Wednesday, March 5, 2014

Quick and Quiet Crate Training

I've done a variety of fostering and transporting to help various rescues. Southern California shelters are perpetually overflowing with chihuahuas and chihuahua mixes. Meanwhile, there are plenty of places around the country where little dogs rarely show up in shelters at all. My theory is that cold winters limit their population. Obviously the solution for this problem is to export chihuahuas from our overcrowded shelters to places where tiny rescue dogs are in high demand. Some of our local rescues have teamed up a couple of times to drive dozens of chihuahuas to Montana. Merlin's Magical Carpet Ride is amazing, dogs that had been sitting in shelters for months got adopted within days of arriving.

When I lived a bit further south, I used to work with rescues in New York and Minnesota to pull dogs from Los Angeles County shelters and fly them to their forever homes. This was an adventure because I often had just over a week between pulling the dogs and taking them to the airport. The biggest challenge was getting them comfortable in their crates.

This little black and tan miniature pinscher is Wanda. She was picked up as a stray and ended up in a shelter in Los Angeles. Wanda was my biggest crate training challenge, she would hang out in the big crate in the livingroom, but her little airline crate was apparently terrifying. She absolutely refused to go in willingly, panicked and screamed hysterically for hours when forced in, and never calmed down on her own. Treats tossed in the crate and left with her always remained uneaten.

The beginning stages of crate training can be trying, especially if the dog really needs to be confined overnight. I've heard plenty of people told to just put the dog in there and ignore the screaming, but realistically we all need to get sleep. People in apartments or with less-tolerant housemates may not be able to wait through a weeklong extinction burst while their dog has a panic attack in the crate all night, every night.

With Wanda, the clock was ticking and I had to invent an entire new crate training method. The entire process took about three hours the first night, 15 minutes the next, and after that Wanda went into her crate with minimal fuss. I have only tried this with one dog, so if you attempt it please let me know how it goes.

The Quick and Quiet Method

1. Block the dog into a limited area, and make the crate the most comfortable option. I put the crate in a corner of the bedroom where Wanda could see me in bed, and then used a combination of furniture and baby gates to confine to an area of bare floor. Her options were to sleep on the hardwood, or go into the crate with her comfy blankets. If I had to do this in a carpeted room with a dog that didn't mind sleeping on the floor, I might try putting a fan in there to make the floor drafty and the crate more inviting. If the dog would go in the crate for food I would just toss something tasty in there and skip to Step 3.
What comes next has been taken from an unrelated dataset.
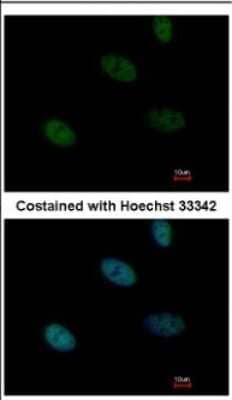 Immunocytochemistry/Immunofluorescence: HLTF Antibody [NBP2-16857] - Immunofluorescence analysis of paraformaldehyde-fixed HeLa, using antibody at 1:500 dilution.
2. Wait for a while. Wanda took maybe 15 minutes to decide that braving the crate was better than sleeping on the cold floor. I was extremely patient and just ignored her and read a book while she considered her situation.

3. With a less panicky dog I would have tried closing the door after they were in and settled, but this sent Wanda into hysterics immediately. She needed to learn to relax and stay put without the door enforcing the lesson. Instead, I decided to just stand in front of the crate so she couldn't get out. There was no door to frantically claw, just a person she trusted standing comfortably close. This might not work as well on a dog with a less developed sense of personal space, but Wanda seemed to find it comforting rather than confining.

4. When she finally settled down, probably 15-20 minutes later, I attempted to step back from the crate. Wanda popped up and tried to get out, so I again blocked the door with my legs. She settled a little faster, and eventually I was able to inch away again.

5. I learned not to move away too fast, but keep inching away, stepping back again to block her if she tried to leave. I probably spent well over an hour just standing there a couple of feet from her crate.

6. When I could climb into bed without Wanda stirring, I could also quietly close the door. The first time she woke up and we had to do the whole song and dance over again. With a light sleeper I might try pushing the door shut but not latching it. If housetraining wasn't a huge issue I could also have tethered her or just left her blocked into her corner for the night and then tried again the next night.